**Exercise objective**: Quote the entries in full, character for character, without their images.

**Excerpted records**:
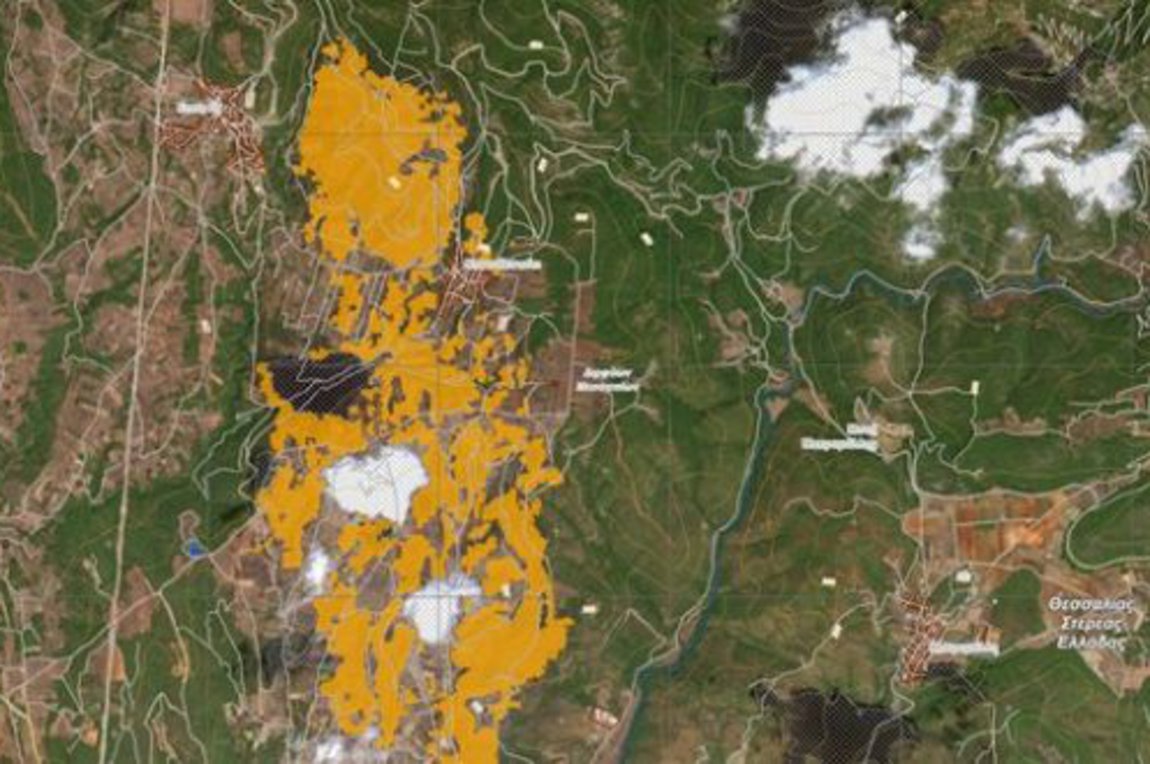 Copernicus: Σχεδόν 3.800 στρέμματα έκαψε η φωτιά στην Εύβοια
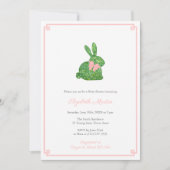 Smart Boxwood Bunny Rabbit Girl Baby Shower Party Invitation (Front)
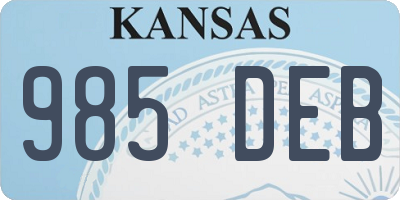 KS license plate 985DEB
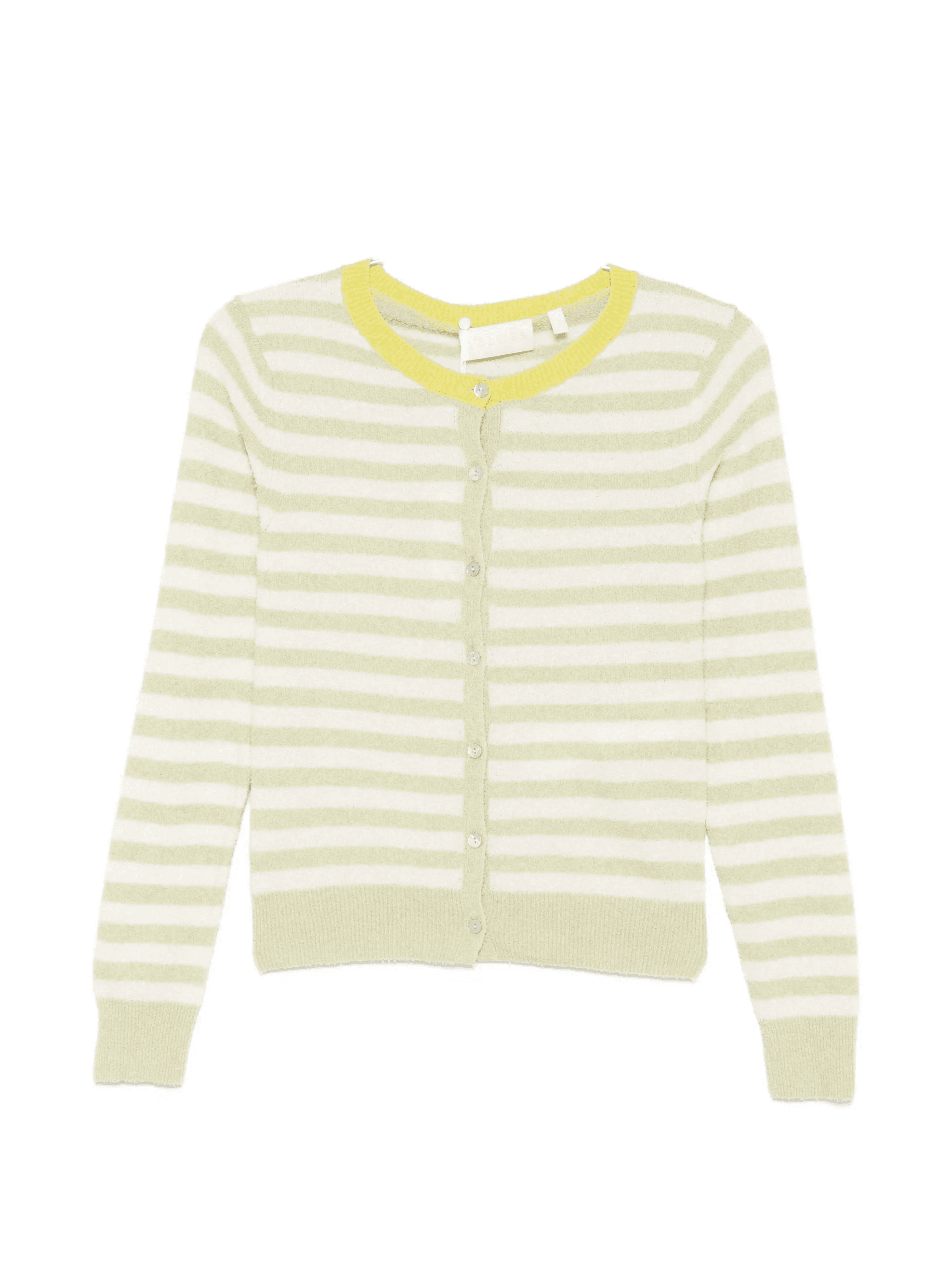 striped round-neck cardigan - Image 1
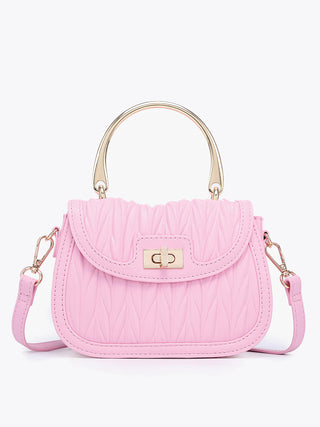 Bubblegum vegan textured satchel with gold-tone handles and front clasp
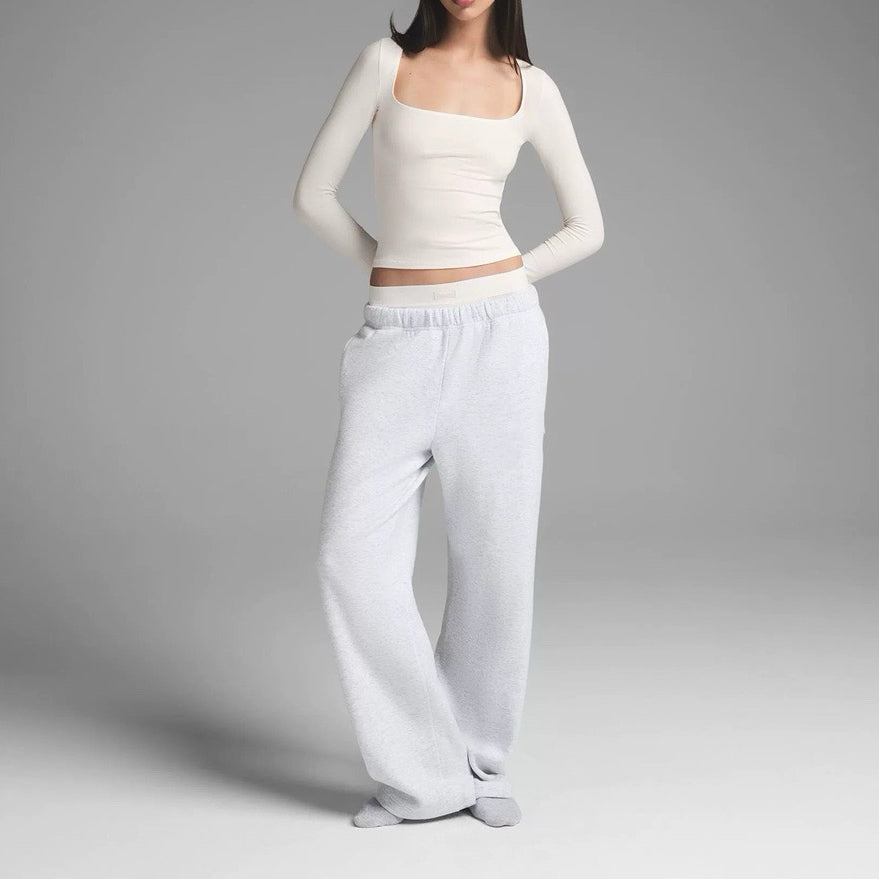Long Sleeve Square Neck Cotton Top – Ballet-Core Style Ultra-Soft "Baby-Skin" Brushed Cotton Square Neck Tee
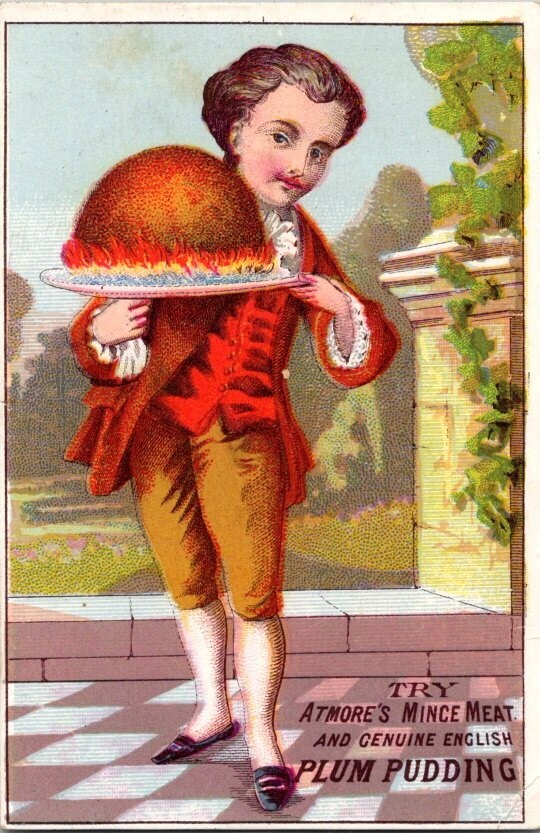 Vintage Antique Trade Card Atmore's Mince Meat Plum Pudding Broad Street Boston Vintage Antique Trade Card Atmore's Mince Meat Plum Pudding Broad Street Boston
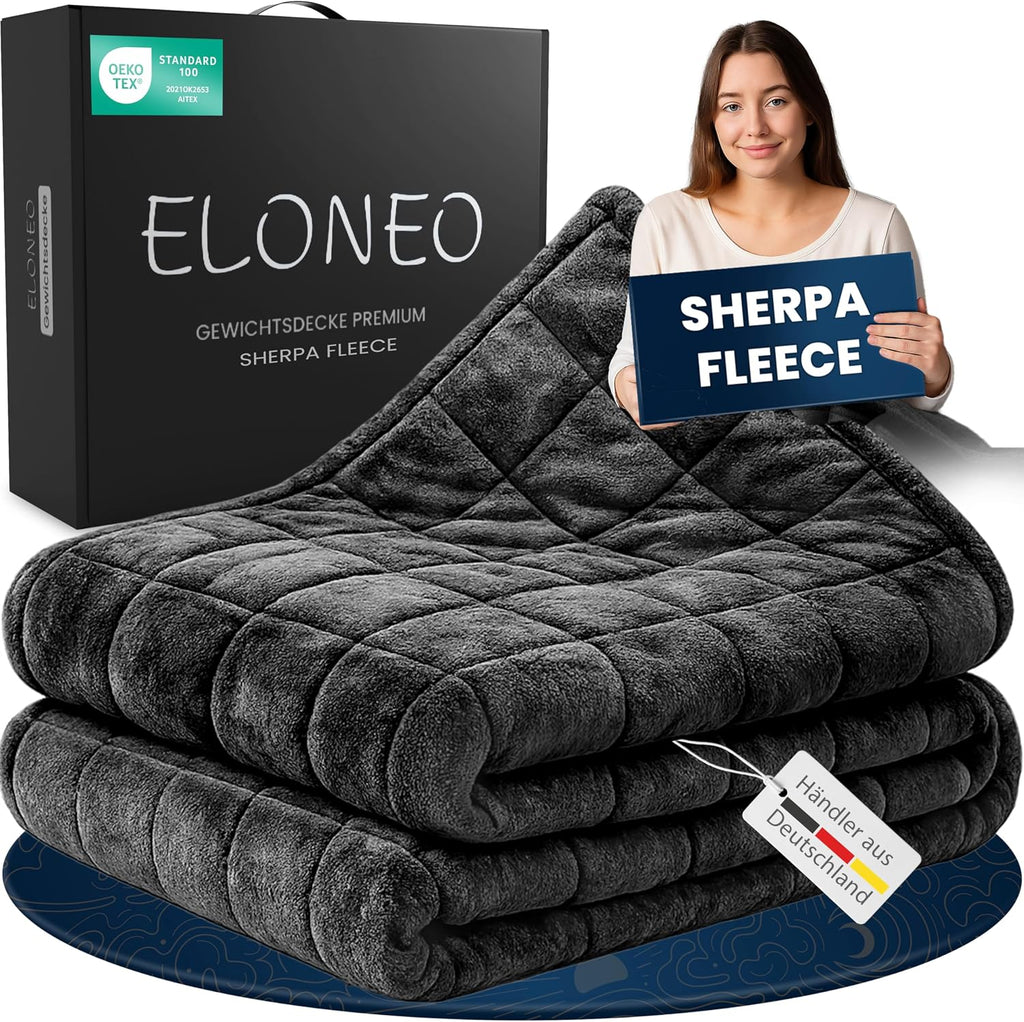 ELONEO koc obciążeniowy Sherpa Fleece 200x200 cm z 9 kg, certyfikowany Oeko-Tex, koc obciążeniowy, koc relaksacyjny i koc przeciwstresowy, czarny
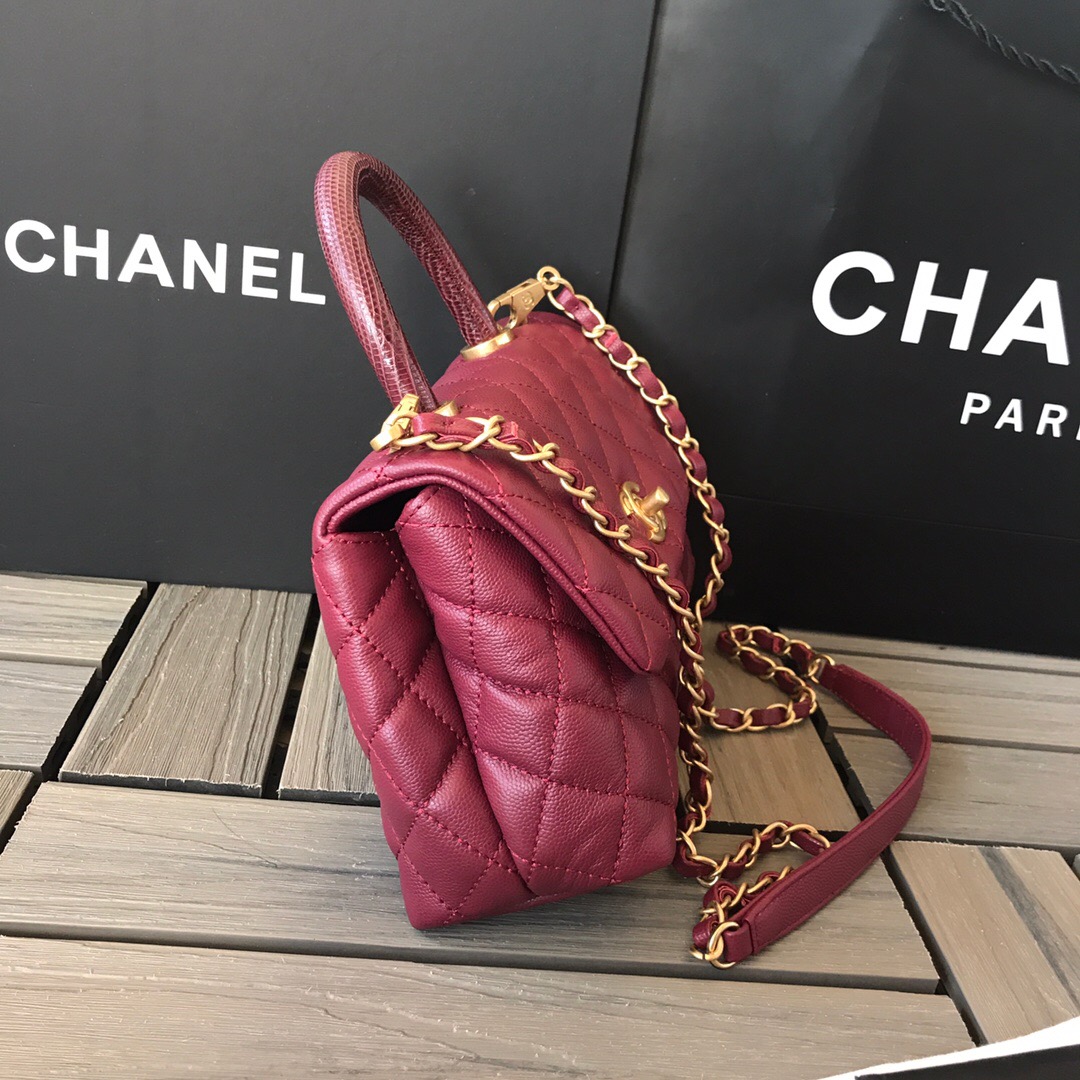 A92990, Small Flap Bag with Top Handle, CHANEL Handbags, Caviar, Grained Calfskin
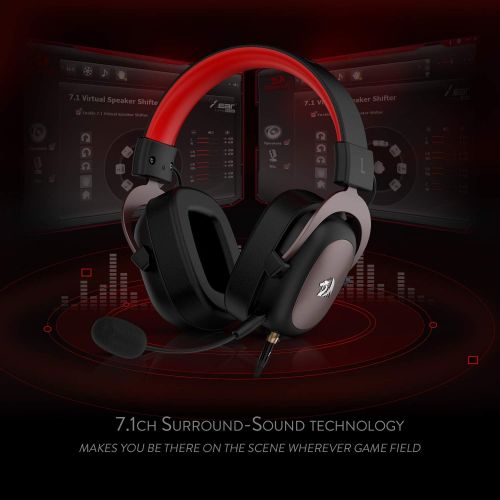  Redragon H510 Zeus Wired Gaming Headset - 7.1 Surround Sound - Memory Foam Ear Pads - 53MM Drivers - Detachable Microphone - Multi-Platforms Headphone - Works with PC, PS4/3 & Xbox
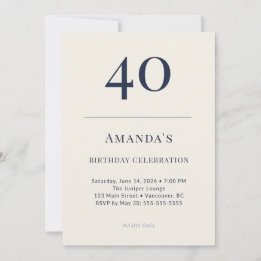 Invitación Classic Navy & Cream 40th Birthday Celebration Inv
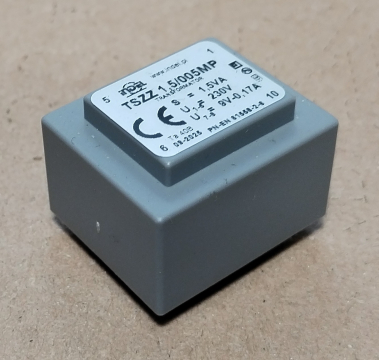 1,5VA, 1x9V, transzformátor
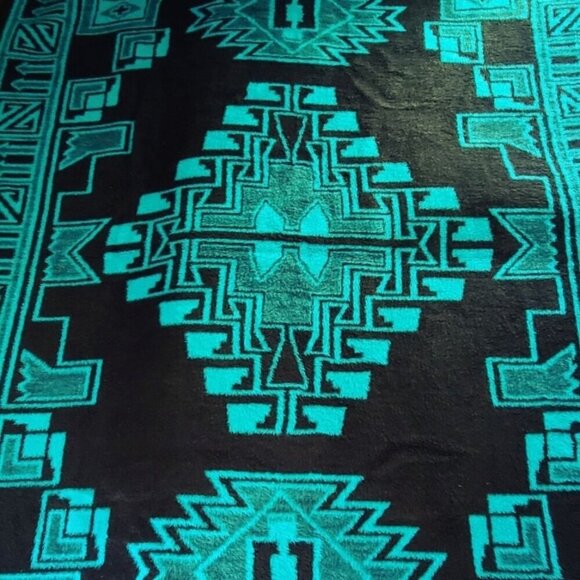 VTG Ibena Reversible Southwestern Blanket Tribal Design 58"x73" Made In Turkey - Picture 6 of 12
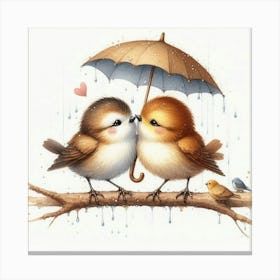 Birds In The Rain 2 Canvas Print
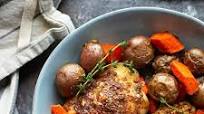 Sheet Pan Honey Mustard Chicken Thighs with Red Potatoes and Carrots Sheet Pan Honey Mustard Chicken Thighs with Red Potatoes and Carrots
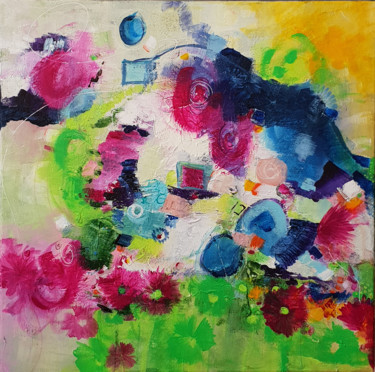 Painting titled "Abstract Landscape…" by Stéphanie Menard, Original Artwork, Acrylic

**Solution to the exercise**:
 Copernicus: Σχεδόν 3.800 στρέμματα έκαψε η φωτιά στην Εύβοια
 Smart Boxwood Bunny Rabbit Girl Baby Shower Party Invitation (Front)
 KS license plate 985DEB
 striped round-neck cardigan - Image 1
 Bubblegum vegan textured satchel with gold-tone handles and front clasp
Long Sleeve Square Neck Cotton Top – Ballet-Core Style Ultra-Soft "Baby-Skin" Brushed Cotton Square Neck Tee
 Vintage Antique Trade Card Atmore's Mince Meat Plum Pudding Broad Street Boston Vintage Antique Trade Card Atmore's Mince Meat Plum Pudding Broad Street Boston
 ELONEO koc obciążeniowy Sherpa Fleece 200x200 cm z 9 kg, certyfikowany Oeko-Tex, koc obciążeniowy, koc relaksacyjny i koc przeciwstresowy, czarny
 A92990, Small Flap Bag with Top Handle, CHANEL Handbags, Caviar, Grained Calfskin
  Redragon H510 Zeus Wired Gaming Headset - 7.1 Surround Sound - Memory Foam Ear Pads - 53MM Drivers - Detachable Microphone - Multi-Platforms Headphone - Works with PC, PS4/3 & Xbox
 Invitación Classic Navy & Cream 40th Birthday Celebration Inv
 1,5VA, 1x9V, transzformátor
 VTG Ibena Reversible Southwestern Blanket Tribal Design 58"x73" Made In Turkey - Picture 6 of 12
 Birds In The Rain 2 Canvas Print
 Sheet Pan Honey Mustard Chicken Thighs with Red Potatoes and Carrots Sheet Pan Honey Mustard Chicken Thighs with Red Potatoes and Carrots
 Painting titled "Abstract Landscape…" by Stéphanie Menard, Original Artwork, Acrylic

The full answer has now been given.